> Exercise instructions:
Reproduce the top of the data verbatim, through and including the line that contains "#outfits #aesthetic #fashion".

> Collected data:
****

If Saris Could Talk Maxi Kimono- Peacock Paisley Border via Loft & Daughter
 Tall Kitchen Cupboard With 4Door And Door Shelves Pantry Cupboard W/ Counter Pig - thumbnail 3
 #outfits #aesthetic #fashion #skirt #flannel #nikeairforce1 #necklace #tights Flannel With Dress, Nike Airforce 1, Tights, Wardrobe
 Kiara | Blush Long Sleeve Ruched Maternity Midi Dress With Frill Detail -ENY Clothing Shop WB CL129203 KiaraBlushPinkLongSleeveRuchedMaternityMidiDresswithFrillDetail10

****

> Task answer:
If Saris Could Talk Maxi Kimono- Peacock Paisley Border via Loft & Daughter
 Tall Kitchen Cupboard With 4Door And Door Shelves Pantry Cupboard W/ Counter Pig - thumbnail 3
 #outfits #aesthetic #fashion #skirt #flannel #nikeairforce1 #necklace #tights Flannel With Dress, Nike Airforce 1, Tights, Wardrobe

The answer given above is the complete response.